[[ Data for processing open ]]

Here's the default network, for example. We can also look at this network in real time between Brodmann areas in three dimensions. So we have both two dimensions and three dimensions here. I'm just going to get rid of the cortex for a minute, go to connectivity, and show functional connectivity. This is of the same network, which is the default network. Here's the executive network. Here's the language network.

[[ Data for processing closed ]]
[[ Data for processing open ]]

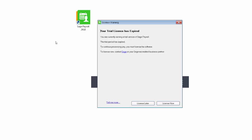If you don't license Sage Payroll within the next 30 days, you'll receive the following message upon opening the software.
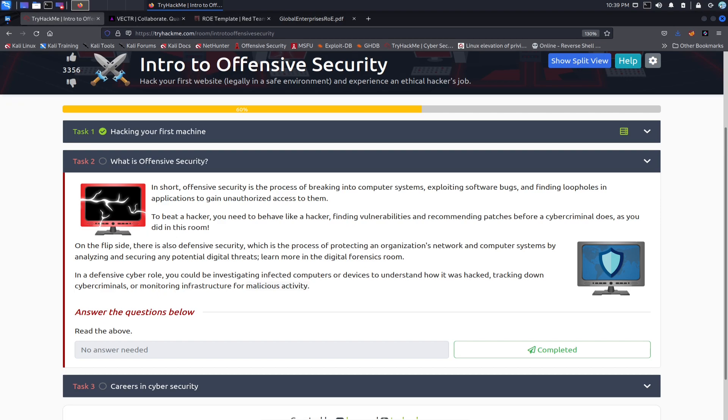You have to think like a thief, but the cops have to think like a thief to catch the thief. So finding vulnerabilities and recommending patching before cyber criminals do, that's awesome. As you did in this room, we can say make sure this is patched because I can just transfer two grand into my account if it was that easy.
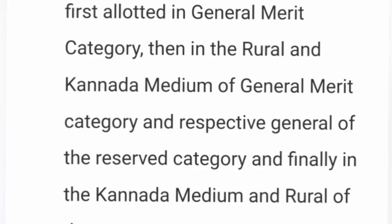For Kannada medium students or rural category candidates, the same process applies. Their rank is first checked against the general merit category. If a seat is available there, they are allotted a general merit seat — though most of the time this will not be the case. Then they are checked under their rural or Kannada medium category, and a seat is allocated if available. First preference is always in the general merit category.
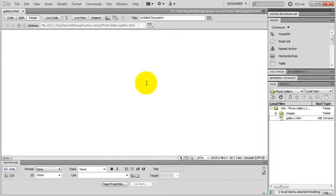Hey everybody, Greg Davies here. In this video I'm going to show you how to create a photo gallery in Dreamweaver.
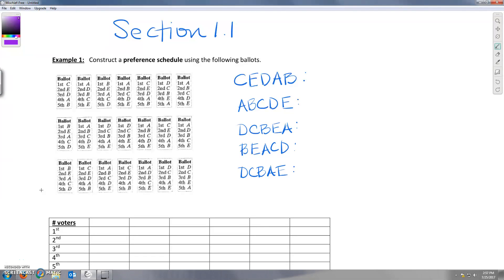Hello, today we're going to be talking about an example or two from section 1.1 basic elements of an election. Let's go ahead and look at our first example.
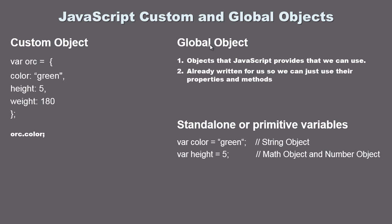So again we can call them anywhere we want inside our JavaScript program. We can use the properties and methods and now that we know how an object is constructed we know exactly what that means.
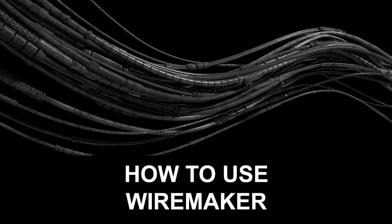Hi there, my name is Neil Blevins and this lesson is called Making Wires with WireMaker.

[[ Data for processing closed ]]
[[ Data for processing open ]]

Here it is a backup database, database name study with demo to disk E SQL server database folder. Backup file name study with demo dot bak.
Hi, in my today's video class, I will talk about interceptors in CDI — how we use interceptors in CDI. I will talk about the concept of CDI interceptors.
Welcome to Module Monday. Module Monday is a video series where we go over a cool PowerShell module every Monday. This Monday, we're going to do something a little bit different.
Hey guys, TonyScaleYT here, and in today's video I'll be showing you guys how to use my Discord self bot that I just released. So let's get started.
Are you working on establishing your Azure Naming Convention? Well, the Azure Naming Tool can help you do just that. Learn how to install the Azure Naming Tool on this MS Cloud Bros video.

[[ Data for processing closed ]]

- Work order: Between and including the line above that contains "So again we" and the line that contains "Hi there, my", restate every line word for word. Pictures stay out.

- Worked solution:
So again we can call them anywhere we want inside our JavaScript program. We can use the properties and methods and now that we know how an object is constructed we know exactly what that means.
Hi there, my name is Neil Blevins and this lesson is called Making Wires with WireMaker.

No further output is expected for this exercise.